Sigma Designs/XVid Update
Reagen Ward and many other people have written in with updates to the Sigma Designs/XVid situation, reported a few days ago. Sigma has replied in email and a press release that they intend to make the source code available, however, they seem to be paying lip service at best to the terms of the GNU Public License. Grant Gross from Newsforge has been pursuing the story and in a story yesterday and another today lays out the current situation.
Releasing the affected code under the GPL is lip service?
No, it's exactly what is supposed to happen.
They are probably referring to other things than the actual release. They don't give any credit to XVID. From the press release:
"We are pleased to provide the development community with an open source MPEG-4 CODEC, and anticipate that this will accelerate technical improvements and enhance the proliferation of MPEG-4 content," stated Ken Lowe, Sigma Designs' vice president of business development. (emphasis mine)
It makes you think they did all the work. The download page acknowledges that they "had utilized some routines posted by XVID as open source," but the tone is that they did all the hard work. Which isn't what I came to understand when reading the evindence.
Of course, now we have the source, it'll be interesting to make a more detailed study on how much code was copied.
I doubt, therefore I may be.
"First an update on the XviD situation. The release of the Sigma source code does not mean it's all over, it's far from being over. The license agreement which you have to agree to before you can download, and install the codec is not compatible with the GPL. Furthermore, it can now clearly be seen (download the source code and have a look for yourself) that the Sigma codec is pretty much a copy of the XviD codec, but all the copyright notices of the original developers have been removed and replaced. This does not only violate the GPL but copyright laws - you can't just take a program, change a few lines and change the copyright statements, you only have copyright protection for the parts you wrote on your own. And related to this the Sigma codec also contains code taken from the OpenDivX project, the files were outfitted with 2 different copyright notices which is quite funny."

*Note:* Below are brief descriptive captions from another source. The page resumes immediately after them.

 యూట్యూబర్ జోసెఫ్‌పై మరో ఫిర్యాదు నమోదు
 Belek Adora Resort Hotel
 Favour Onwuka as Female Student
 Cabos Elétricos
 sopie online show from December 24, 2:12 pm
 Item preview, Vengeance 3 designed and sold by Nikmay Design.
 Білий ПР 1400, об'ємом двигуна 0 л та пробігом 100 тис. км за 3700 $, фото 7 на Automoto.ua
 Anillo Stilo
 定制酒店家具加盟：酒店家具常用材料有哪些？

I hope that Sigma will respect GPL licences. I will for sure stop every purchase of Sigma stuff where I work.
Plus I had some self encoded TV episodes using DivX 5, and they had a VBR MP3 audio stream, the XCard plays the audio, and the video is completely out of sync (speeding up, slowing down - as though it is using the VBR timings)... and the player crashes after 5 mins.

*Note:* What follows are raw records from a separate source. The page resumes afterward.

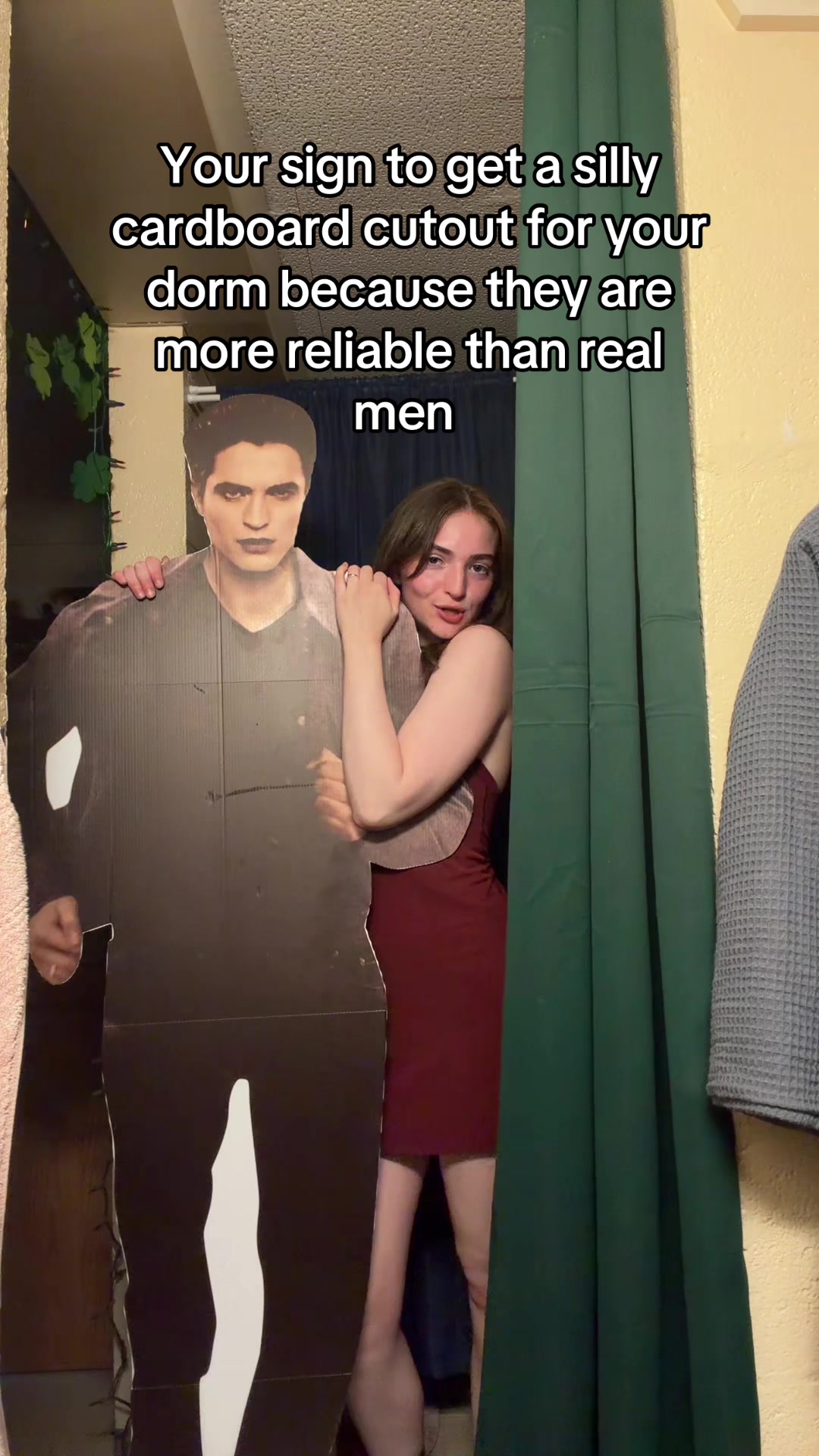 @Eliza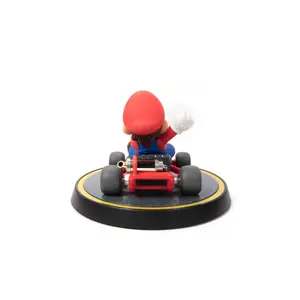 Figurine First 4 Figures Mario Kart Mario Standard image-3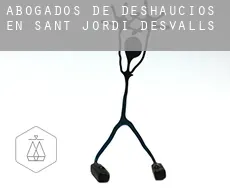 Abogados de deshaucios en  Sant Jordi Desvalls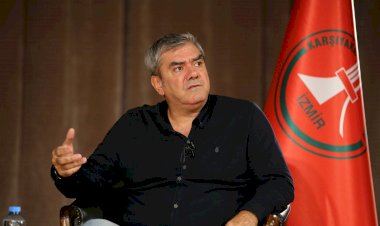 Fırtına öncesi derin sessizlik sürüyor
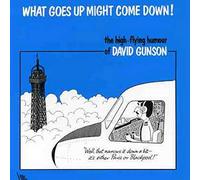 What Goes Up Might Come Down!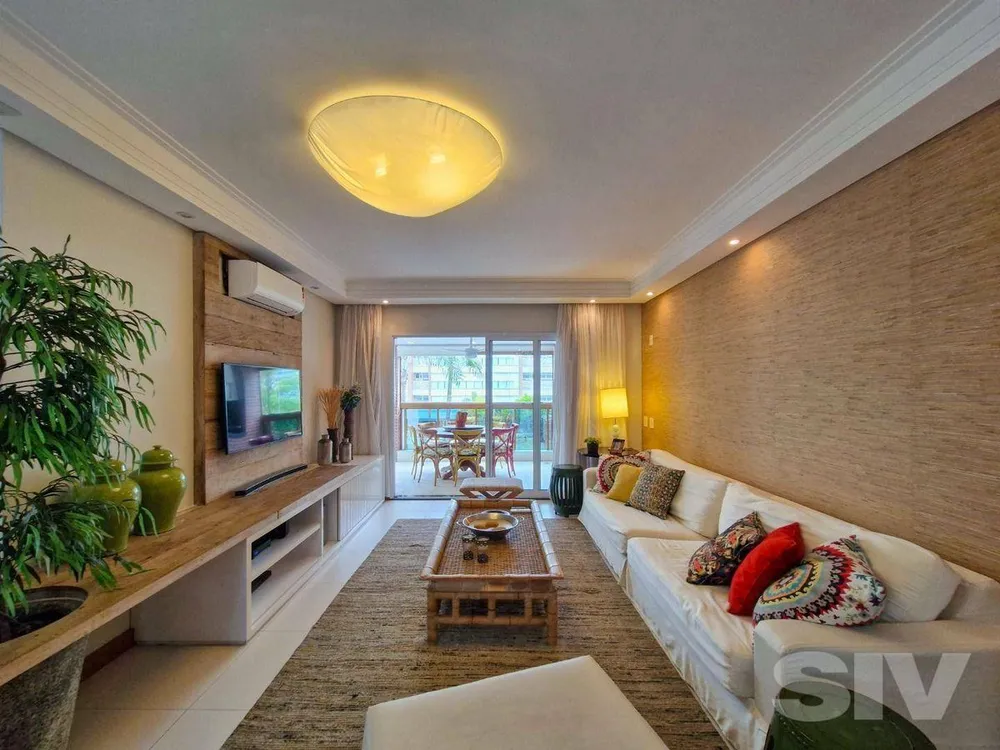 Apartamento, 4 quartos, 228 m² - Foto 1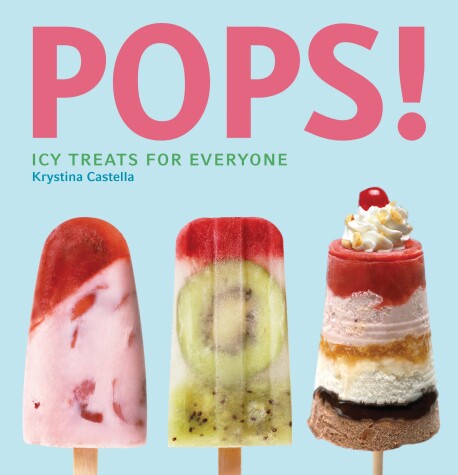 Cover of Pops!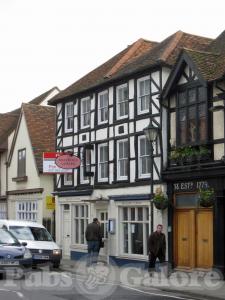 Picture of Kings Head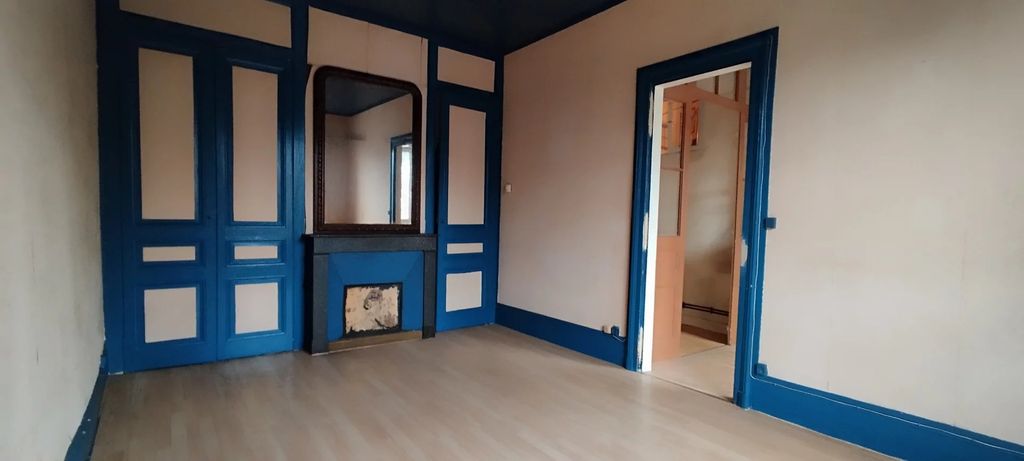 Achat maison 4 chambre(s) - Elbeuf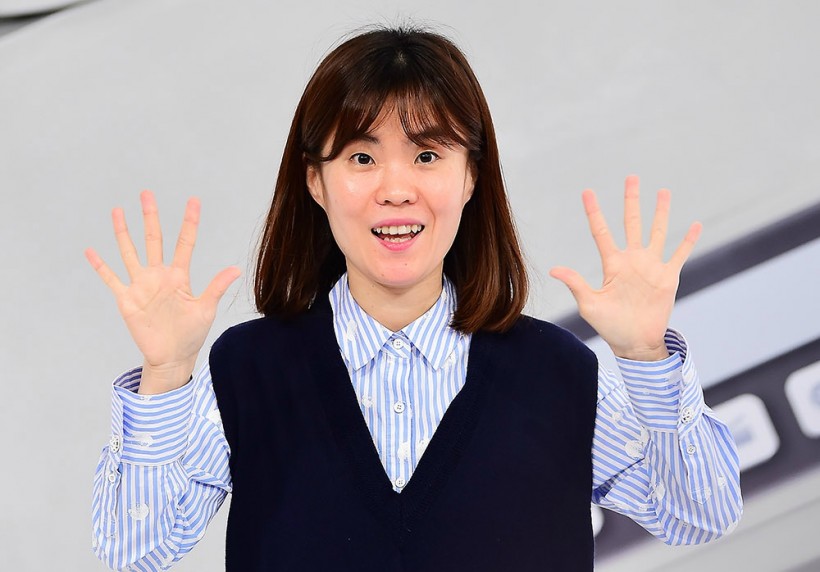 Comedian Park Ji Sun And Her Mother Was Found Lifeless At Their Home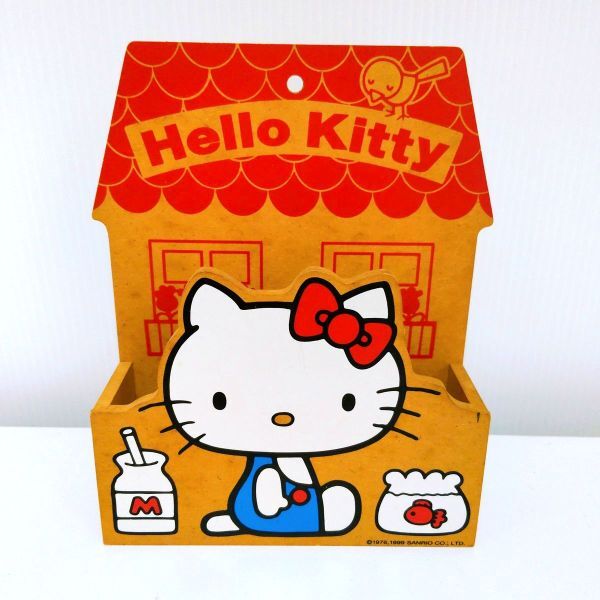 2026年最新】Yahoo!オークション -hello kitty 木製の中古品・新品・未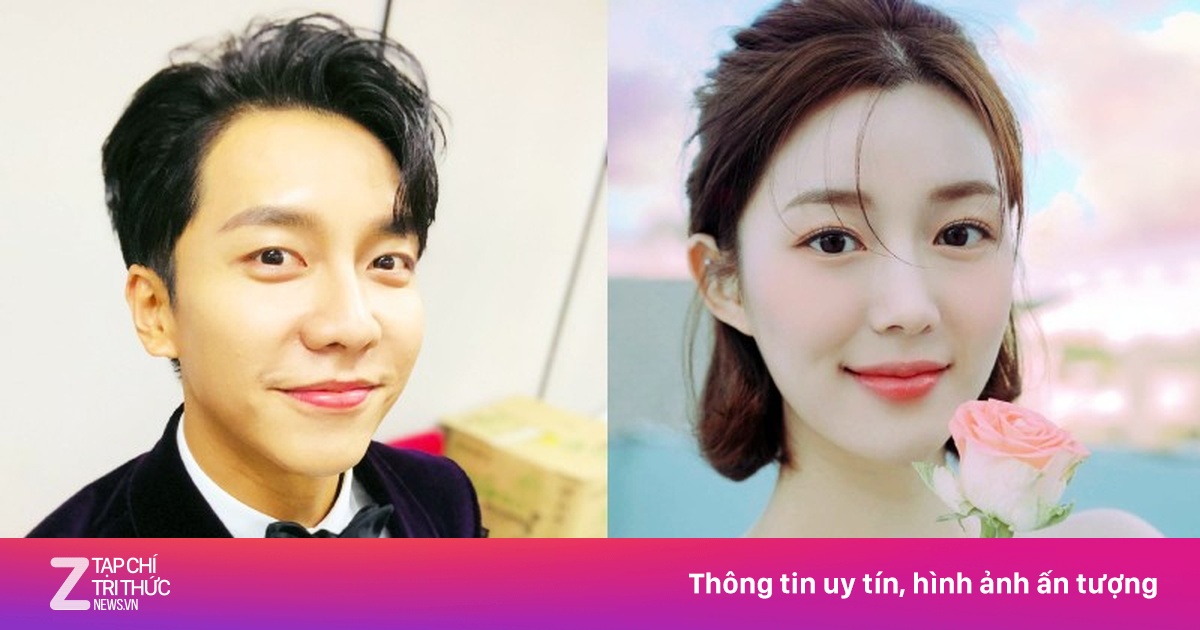 Tình hình hiện tại của Lee Seung Gi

: www.virtualdub.org/virtualdub_news_old.html+avery+ lee+nandub+hack&hl=en&ie=UTF-8
While all your other points on the card may or may not be valid (I'm not going to dispute them, in other words), I will take a moment to dispute this one. VBR MP3 audio streams in a DivX file is a complete and utter hack. Anyone who knows about the internals of AVI files will recognize this instantly. That it was made to work and play back correctly in Windows is actually due to a bug in the decoder itself, and should Microsoft ever fix this bug, all VBR MP3 audio interleaved in AVI files will suddenly either lose sync or perform exactly as the XCard.